Snakemake workflow

The included Snakefile provides a way to run the end-end workflow for the clm repository.

The following “rulegraph” illustrates the unique steps in the workflow that would be run, and their order of execution. (note that the evaluation and figure-generation steps have been omitted from this graph for clarity).

Rulegraph

Note that the actual number of jobs will exceed the number of rules above, since many different instances of the rules will be run for any given dataset, depending on the number of train/test folds, the number of independent seeds against which to run the models etc.
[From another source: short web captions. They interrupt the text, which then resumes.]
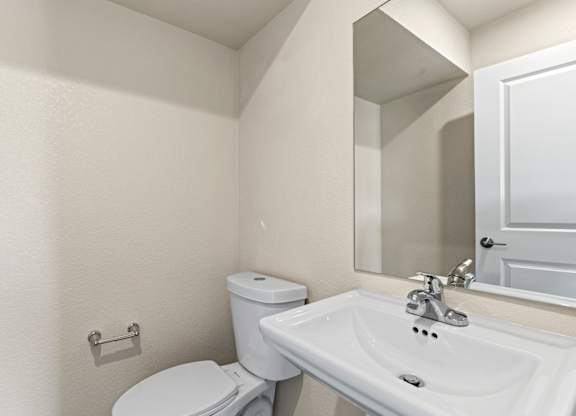 Bathroom with a toilet, sink and a tub at The Townhomes at Pine Drive, Parker
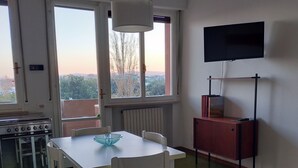 Ein Essbereich mit Tisch und Stühlen, einem Fernseher auf einem Schrank und Blick durch große Fenster.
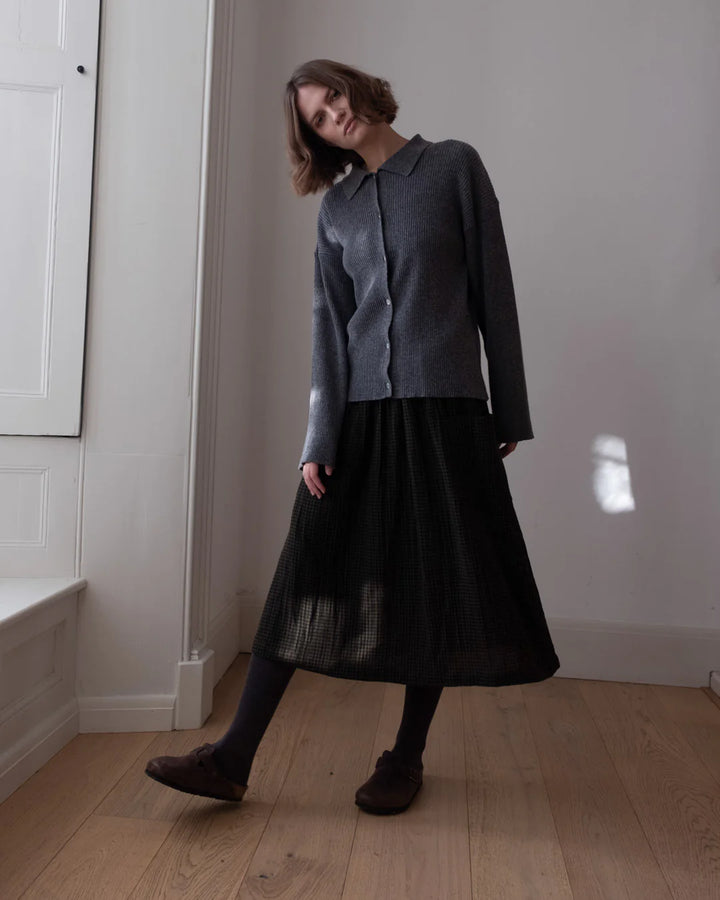 Woman wearing a dark gray outfit with a black skirt in a minimal indoor setting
The following dependency graph illustrates the particular instances of the steps that would be run, when running the workflow for a single enum_factor, 3 folds, 2 training seeds, and 1 sampling seed. (This is the starter configuration provided in the file config_fast.yaml).

DAG

Testing the workflow

To run this workflow on a tiny dataset provided with clm:

Steps

cd to the workflow/ folder. In the activated environment, run the following command to see the steps (including the actual commands) that will be run:

cd CLM/workflow
snakemake --configfile config/config_fast.yaml --jobs 1 --dry-run -p

Repeat the command without the --dry-run -p to execute the workflow. The end-end workflow should take around 5 minutes on computers where torch has access to a gpu, or 20-25 minutes otherwise.

Note that the configuration provided in config_fast.yaml, as well as the truncated datasets that it uses by default, are purely for software testing purposes, and generate results/graphs that are not interpretable. To run the actual workflow on your dataset, read on.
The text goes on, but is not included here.